Why is visible light, which has much longer wavelengths than x rays do, used for Bragg reflection experiments on colloidal crystals? (a) The microspheres are suspended in a liquid, and it is more difficult for x rays to penetrate liquid than it is for visible light. (b) The irregular spacing of the microspheres allows the longerwavelength visible light to produce more destructive interference than can x rays. (c) The microspheres are much larger than atoms in a crystalline solid, and in order to get interference maxima at reasonably large angles, the wavelength must be much longer than the size of the individual scatterers. (d) The microspheres are spaced more widely than atoms in a crystalline solid, and in order to get interference maxima at reasonably large angles, the wavelength must be comparable to the spacing between scattering planes.

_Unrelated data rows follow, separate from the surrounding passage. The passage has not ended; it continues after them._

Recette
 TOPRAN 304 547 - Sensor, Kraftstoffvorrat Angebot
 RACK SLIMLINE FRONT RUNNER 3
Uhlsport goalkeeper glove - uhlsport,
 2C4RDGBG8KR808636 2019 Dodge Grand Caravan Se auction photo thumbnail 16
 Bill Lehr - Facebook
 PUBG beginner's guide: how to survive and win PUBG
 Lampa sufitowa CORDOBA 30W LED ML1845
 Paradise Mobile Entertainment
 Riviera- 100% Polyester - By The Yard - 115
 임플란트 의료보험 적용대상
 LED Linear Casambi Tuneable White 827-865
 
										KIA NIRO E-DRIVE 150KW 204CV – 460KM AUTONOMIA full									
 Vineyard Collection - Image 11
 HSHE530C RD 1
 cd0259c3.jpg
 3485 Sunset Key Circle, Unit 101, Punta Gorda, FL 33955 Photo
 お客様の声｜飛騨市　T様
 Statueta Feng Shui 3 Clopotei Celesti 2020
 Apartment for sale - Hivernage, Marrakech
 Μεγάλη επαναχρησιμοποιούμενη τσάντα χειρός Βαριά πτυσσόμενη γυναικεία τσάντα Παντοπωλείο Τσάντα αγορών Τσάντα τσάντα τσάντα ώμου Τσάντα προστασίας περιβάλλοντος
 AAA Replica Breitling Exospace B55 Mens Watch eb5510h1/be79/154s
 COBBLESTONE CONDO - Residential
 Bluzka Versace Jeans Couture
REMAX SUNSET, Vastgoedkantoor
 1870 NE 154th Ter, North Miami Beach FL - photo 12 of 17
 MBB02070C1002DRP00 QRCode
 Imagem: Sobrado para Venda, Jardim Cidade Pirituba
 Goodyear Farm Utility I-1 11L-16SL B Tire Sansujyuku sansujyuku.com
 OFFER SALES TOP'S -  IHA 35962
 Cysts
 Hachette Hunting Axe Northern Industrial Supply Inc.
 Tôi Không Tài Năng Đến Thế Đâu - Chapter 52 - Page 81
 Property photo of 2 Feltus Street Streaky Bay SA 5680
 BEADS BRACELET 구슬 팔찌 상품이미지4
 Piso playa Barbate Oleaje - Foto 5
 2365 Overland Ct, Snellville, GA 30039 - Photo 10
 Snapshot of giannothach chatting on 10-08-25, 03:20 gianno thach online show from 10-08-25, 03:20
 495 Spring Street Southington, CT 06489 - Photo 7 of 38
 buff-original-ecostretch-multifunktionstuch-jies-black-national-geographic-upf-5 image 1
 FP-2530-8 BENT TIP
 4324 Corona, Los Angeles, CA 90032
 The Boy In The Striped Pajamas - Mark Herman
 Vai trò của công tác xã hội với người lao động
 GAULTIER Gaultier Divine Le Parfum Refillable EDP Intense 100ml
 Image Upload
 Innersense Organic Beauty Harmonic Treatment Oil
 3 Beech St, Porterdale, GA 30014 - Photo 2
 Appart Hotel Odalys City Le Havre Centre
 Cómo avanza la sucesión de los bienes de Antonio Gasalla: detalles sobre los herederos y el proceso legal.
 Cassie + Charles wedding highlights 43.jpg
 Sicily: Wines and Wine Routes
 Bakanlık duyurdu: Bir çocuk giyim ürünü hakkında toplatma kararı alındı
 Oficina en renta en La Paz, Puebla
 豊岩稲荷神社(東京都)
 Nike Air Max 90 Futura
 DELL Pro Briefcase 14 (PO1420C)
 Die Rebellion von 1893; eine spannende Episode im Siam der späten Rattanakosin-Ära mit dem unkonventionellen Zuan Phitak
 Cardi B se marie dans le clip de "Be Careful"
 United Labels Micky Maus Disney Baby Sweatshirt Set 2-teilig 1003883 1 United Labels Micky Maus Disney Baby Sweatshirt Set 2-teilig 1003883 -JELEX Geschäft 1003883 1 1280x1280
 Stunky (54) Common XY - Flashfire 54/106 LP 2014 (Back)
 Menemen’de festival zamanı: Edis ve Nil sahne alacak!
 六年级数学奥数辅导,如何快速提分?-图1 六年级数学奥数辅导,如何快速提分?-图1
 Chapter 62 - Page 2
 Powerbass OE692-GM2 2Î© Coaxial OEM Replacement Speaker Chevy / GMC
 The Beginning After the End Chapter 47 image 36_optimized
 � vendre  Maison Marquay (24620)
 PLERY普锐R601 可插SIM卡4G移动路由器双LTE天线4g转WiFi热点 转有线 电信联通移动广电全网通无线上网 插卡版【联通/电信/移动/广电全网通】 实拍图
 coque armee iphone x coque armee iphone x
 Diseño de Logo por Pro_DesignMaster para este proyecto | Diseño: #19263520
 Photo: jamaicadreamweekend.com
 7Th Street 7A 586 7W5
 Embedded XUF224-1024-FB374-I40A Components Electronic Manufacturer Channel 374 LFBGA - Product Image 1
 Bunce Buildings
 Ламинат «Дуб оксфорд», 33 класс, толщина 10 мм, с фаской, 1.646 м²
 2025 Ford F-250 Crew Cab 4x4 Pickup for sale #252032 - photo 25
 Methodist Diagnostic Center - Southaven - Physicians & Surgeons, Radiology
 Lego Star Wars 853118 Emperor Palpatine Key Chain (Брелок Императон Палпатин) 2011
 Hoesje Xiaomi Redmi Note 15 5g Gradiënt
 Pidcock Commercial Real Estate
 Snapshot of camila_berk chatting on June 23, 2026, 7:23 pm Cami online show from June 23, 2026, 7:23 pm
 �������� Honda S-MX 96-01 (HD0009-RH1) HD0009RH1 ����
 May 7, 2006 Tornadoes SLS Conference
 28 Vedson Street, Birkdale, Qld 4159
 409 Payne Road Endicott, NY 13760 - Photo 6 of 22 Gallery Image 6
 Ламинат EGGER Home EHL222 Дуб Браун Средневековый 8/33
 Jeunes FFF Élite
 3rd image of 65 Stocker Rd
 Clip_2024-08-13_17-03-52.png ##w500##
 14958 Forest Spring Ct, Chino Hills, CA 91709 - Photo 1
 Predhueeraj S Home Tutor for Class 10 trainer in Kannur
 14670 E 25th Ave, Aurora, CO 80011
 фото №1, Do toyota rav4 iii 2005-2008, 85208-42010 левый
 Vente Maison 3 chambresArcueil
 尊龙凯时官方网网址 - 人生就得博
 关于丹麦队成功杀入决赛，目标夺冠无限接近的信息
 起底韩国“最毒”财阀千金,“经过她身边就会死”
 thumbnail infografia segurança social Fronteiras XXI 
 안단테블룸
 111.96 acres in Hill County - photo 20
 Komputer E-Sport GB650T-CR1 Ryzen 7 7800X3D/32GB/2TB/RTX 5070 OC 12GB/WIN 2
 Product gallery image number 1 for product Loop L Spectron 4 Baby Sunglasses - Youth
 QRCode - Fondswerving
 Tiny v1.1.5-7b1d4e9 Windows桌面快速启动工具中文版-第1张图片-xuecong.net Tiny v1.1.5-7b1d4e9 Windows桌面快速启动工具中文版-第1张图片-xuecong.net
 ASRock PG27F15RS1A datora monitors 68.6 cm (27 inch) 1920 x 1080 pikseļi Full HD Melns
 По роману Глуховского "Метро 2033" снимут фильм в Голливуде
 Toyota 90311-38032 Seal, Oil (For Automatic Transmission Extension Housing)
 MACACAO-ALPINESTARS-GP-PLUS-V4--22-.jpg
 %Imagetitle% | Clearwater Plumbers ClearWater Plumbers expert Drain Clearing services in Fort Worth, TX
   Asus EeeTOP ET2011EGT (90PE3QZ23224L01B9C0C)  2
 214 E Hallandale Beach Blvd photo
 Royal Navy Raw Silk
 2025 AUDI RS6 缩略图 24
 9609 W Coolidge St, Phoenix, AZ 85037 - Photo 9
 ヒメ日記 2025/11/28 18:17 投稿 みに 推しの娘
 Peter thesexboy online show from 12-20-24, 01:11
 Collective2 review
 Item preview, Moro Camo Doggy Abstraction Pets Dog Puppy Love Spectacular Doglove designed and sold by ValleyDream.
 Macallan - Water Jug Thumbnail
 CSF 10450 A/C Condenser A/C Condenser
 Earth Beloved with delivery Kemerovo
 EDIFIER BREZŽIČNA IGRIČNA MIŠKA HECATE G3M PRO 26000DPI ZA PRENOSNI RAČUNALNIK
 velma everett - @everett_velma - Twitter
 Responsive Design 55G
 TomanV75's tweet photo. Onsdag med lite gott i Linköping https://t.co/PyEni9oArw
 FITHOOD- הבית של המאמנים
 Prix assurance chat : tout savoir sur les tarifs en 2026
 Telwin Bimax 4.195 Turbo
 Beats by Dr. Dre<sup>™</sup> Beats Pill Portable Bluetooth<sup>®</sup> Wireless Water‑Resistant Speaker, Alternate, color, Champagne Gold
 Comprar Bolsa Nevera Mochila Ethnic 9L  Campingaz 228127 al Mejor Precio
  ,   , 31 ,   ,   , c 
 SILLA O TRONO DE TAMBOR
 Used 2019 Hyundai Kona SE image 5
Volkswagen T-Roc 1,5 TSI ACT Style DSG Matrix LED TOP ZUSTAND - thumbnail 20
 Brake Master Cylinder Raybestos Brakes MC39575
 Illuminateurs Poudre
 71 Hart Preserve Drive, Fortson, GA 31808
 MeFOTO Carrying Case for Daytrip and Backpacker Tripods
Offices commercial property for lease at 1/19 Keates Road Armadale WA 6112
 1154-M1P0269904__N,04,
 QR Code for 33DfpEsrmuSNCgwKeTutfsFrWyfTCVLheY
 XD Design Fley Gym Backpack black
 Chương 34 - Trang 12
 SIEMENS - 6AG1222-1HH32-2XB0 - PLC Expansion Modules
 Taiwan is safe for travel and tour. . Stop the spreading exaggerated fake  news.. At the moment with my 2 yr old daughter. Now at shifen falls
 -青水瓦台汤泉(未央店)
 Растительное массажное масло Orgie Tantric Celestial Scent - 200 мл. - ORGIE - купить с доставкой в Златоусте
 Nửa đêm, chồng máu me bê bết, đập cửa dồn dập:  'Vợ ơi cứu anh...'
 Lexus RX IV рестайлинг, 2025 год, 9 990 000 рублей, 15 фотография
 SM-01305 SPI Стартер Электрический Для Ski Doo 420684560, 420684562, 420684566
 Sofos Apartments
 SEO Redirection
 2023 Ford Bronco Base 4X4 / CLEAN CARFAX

Light of wavelength 633 nm from a distant source is incident on a slit 0.750 mm wide, and the resulting diffraction pattern is observed on a screen 3.50 m away. What is the distance between the two dark fringes on either side of the central bright fringe?

Monochromatic light with wavelength 620 nm passes through a circular aperture with diameter 7.4 \(\mu\)m. The resulting diffraction pattern is observed on a screen that is 4.5 m from the aperture. What is the diameter of the Airy disk on the screen?

Monochromatic light of wavelength \(\lambda\) = 620 nm from a distant source passes through a slit 0.450 mm wide. The diffraction pattern is observed on a screen 3.00 m from the slit. In terms of the intensity \(I_0\) at the peak of the central maximum, what is the intensity of the light at the screen the following distances from the center of the central maximum: (a) 1.00 mm; (b) 3.00 mm; (c) 5.00 mm?

When laser light of wavelength 632.8 nm passes through a diffraction grating, the first bright spots occur at \(\pm\)17.8\(^\circ\) from the central maximum. (a) What is the line density (in lines/cm) of this grating? (b) How many additional bright spots are there beyond the first bright spots, and at what angles do they occur?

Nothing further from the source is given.